Brief: Please transcribe exactly, and only, the lines of the data below between the line holding "KOKUHO - TOKYO" and the line holding "TOSHIBA炊飯器5.5合炊きRC-10ZWK", inclusive.

Exercise materials:
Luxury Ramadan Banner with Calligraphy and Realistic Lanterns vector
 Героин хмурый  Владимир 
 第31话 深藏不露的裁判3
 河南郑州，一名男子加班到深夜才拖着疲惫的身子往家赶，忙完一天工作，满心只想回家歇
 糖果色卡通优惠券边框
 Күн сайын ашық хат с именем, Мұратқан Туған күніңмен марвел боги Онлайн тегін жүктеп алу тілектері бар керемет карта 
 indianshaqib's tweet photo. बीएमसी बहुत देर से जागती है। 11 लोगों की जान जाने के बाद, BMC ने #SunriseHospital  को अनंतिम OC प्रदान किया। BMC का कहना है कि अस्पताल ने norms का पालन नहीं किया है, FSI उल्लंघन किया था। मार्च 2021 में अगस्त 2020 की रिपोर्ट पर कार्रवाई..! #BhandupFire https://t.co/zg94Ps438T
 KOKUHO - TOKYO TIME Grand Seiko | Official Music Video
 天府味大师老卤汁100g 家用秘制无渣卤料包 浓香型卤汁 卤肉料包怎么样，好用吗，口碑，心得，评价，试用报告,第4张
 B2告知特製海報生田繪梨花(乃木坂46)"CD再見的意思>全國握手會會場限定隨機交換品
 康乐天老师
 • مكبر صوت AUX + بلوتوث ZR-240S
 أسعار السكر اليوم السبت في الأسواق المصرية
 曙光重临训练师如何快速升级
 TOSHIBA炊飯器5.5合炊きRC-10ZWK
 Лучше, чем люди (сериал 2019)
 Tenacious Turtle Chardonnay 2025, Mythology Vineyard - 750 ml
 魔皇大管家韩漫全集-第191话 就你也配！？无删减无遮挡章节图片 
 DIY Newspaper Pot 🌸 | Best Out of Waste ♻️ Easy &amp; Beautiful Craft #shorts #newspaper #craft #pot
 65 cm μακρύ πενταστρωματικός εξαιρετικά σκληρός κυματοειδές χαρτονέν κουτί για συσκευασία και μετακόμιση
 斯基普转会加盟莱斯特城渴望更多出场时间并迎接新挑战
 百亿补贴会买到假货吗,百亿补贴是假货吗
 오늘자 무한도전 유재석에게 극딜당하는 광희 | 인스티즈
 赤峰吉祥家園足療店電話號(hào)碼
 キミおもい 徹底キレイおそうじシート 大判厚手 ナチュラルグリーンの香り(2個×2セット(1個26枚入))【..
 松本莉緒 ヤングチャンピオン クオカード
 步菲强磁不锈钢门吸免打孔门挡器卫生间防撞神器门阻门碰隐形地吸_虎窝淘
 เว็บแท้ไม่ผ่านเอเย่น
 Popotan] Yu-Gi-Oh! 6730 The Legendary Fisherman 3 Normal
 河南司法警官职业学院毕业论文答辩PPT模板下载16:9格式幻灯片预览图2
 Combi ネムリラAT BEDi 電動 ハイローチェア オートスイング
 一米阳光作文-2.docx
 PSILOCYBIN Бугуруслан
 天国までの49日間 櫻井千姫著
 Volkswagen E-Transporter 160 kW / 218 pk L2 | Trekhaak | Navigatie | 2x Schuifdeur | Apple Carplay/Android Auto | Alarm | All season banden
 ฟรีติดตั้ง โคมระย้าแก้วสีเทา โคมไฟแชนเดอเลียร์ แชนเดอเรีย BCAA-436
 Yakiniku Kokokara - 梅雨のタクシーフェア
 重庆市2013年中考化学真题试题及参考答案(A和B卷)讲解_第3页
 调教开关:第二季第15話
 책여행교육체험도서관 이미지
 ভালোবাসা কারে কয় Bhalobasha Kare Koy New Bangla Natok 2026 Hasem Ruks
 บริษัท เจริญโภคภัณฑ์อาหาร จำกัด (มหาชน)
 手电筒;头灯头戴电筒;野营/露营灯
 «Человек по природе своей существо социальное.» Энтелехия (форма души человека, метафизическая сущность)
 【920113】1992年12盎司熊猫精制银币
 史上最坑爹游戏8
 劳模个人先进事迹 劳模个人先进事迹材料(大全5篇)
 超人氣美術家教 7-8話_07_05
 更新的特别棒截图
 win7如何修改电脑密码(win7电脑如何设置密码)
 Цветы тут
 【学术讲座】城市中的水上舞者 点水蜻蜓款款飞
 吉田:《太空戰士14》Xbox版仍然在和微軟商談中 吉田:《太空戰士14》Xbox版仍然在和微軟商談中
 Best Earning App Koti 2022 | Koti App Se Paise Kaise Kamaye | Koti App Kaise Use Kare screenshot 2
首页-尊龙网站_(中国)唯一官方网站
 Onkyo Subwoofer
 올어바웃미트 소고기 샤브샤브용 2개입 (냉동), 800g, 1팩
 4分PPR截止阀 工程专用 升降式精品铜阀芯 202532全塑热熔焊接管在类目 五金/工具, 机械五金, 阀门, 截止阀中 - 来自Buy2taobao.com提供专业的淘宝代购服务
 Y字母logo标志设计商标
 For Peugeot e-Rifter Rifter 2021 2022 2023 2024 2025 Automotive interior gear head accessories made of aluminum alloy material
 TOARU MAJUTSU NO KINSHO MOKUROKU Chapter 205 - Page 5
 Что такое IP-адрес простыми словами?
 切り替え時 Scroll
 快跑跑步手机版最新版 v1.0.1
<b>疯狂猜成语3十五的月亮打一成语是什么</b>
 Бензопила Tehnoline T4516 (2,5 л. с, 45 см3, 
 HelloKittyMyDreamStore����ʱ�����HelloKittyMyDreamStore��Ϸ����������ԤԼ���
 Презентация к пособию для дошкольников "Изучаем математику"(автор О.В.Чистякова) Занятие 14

Result of the exercise:
 KOKUHO - TOKYO TIME Grand Seiko | Official Music Video
 天府味大师老卤汁100g 家用秘制无渣卤料包 浓香型卤汁 卤肉料包怎么样，好用吗，口碑，心得，评价，试用报告,第4张
 B2告知特製海報生田繪梨花(乃木坂46)"CD再見的意思>全國握手會會場限定隨機交換品
 康乐天老师
 • مكبر صوت AUX + بلوتوث ZR-240S
 أسعار السكر اليوم السبت في الأسواق المصرية
 曙光重临训练师如何快速升级
 TOSHIBA炊飯器5.5合炊きRC-10ZWK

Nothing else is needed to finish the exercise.